There is, however, no absolute consensus or unanimity of opinion with regard to this derivation; but it is, at least, the most salient and striking of any that have been offered. Alternative derivations, of varying degrees of picturesqueness and pertinence, are extant and are defended. Two only of these seem to call for statement in an article which is not characteristically devoted to etymology, and which is already in some danger, not of crowding only, but of congestion, from the wealth of eligible material. The first of these derivations points to the name as having been adopted by the councillors of the Supreme Pontiff, from the grand officers of the Imperial Court, who were called Cardinals. According to the second, Cardinals derived their designation from the circumstance that at such times as the Pope celebrated mass, they stood at the cardines, in Italian, cardini, that is, at the angles or corners of the altar. Whatever may be the incidental derivation, the verbal etymology is almost bound to be conversant about the word cardo, its attributes and its derivatives in speech, whether taken in a primary or in some secondary or remoter sense-the proper relation of cardinales, as subordinate to the

cardo, being in all cases regarded. The etiquette is as strict and as uniform as that which gives identity of theme to the various phenomena of Joseph's dreams.

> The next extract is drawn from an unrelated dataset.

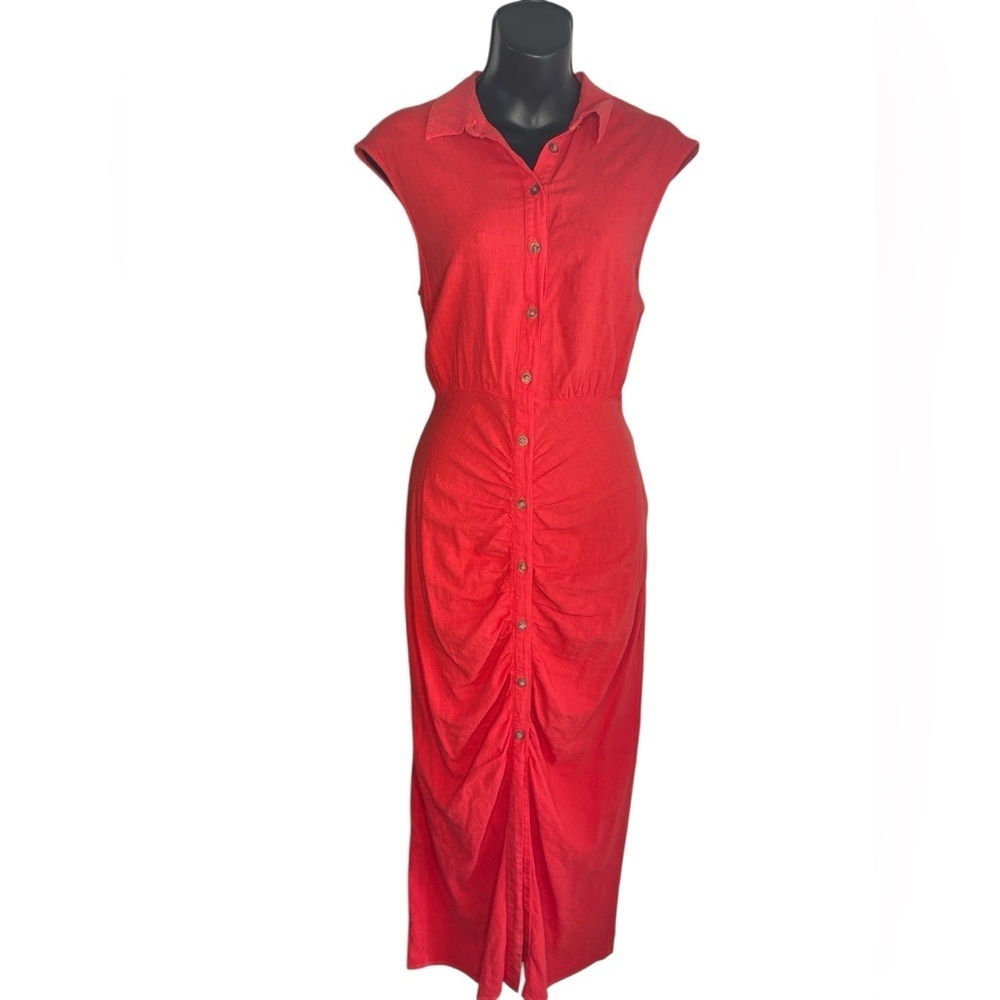 Zara cherry red sleeveless front button ruched linen blend midi dress sz M - Picture 10 of 15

From the difference of the ecclesiastical status or quality of the Churches of Rome, as well as in the orders of the clergy by whom they were respectively served, there arose an internal discrimination of the Cardinals as priests and deacons, which, with the still higher grade of Cardinal-bishop, completes the classification by which they are distinguished.

The date assigned to the initiation of the Cardinalate varies on several grounds, and-amongst others-as the authorities relied upon are Roman Catholic or Protestant. But also the uncertainty and the discrepancies to be found amongst ecclesiastical historians, with regard not only to the origin of the name of cardinal, but to the period at which it was first used, and the persons to whom it was applied in the earlier stages of its history, are to be explained without the imputation of partisanship. The fact is that neither the, thing nor the name was at any time appointed or created; but grew up, by successive and sometimes corrupt encroachments, which received the irregular suffrage of acceptance and recognition, and, from time to time the more formal sanction of Papal briefs and bulls.

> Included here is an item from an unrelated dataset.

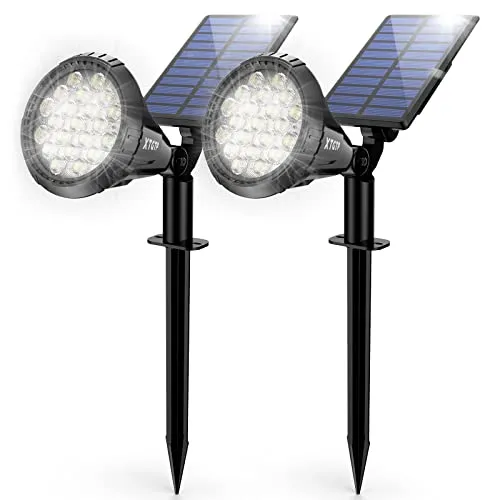 XTGTP Solar Spot Lights Outdoor, 21 LEDs, Auto On/Off with 3 Modes, IP67 Waterproof Solar Yard Spotlight Landscape Lighting Garden Wall Lights, 2Pack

It was in the twelfth century, in a Council, namely, which was held at Rome, A.D. 1179, called the third Lateran Council, that Pope Alexander III., with a view to avoid the commotion so often produced by the election of a new Pontiff, ordained that the right of voting on such occasions should belong exclusively to the Cardinals, and that the person who had the votes of two-thirds of the College of Cardinals should be considered the legitimate Pontiff. This constitution has continued to the present tme; the election of pontiffs still retaining the forms which it assumed at that period, when not only the people, but also the clergy of Rome, were wholly excluded from any participation in it. Under another Pope of the same name, Alexander V., who was elected in the Council of Pisa, and died at Bologna, A.D. 1410, the Cardinals were allowed to hold many benefices, three or four deaconries, and as many presbyterships, besides several bishopries.

As against the tendency to modernise the institution of Cardinals, it is contended that the word and the office were not unknown in the second century; and again, that both were formally recognized in the Roman Council said to have been held under Pope Sylvester I. in the year 324. But there are so many circumstances involved in the traditional details of this council which either violate the ascertained facts of history, or oppose the provisions of the canon law, that it is generally regarded as apocryphal.

It has even been affirmed, and received as worthy of credit, that the use of the term cardinal cannot be found in any genuine writer before the time of Gregory the Great, A.D 590-604.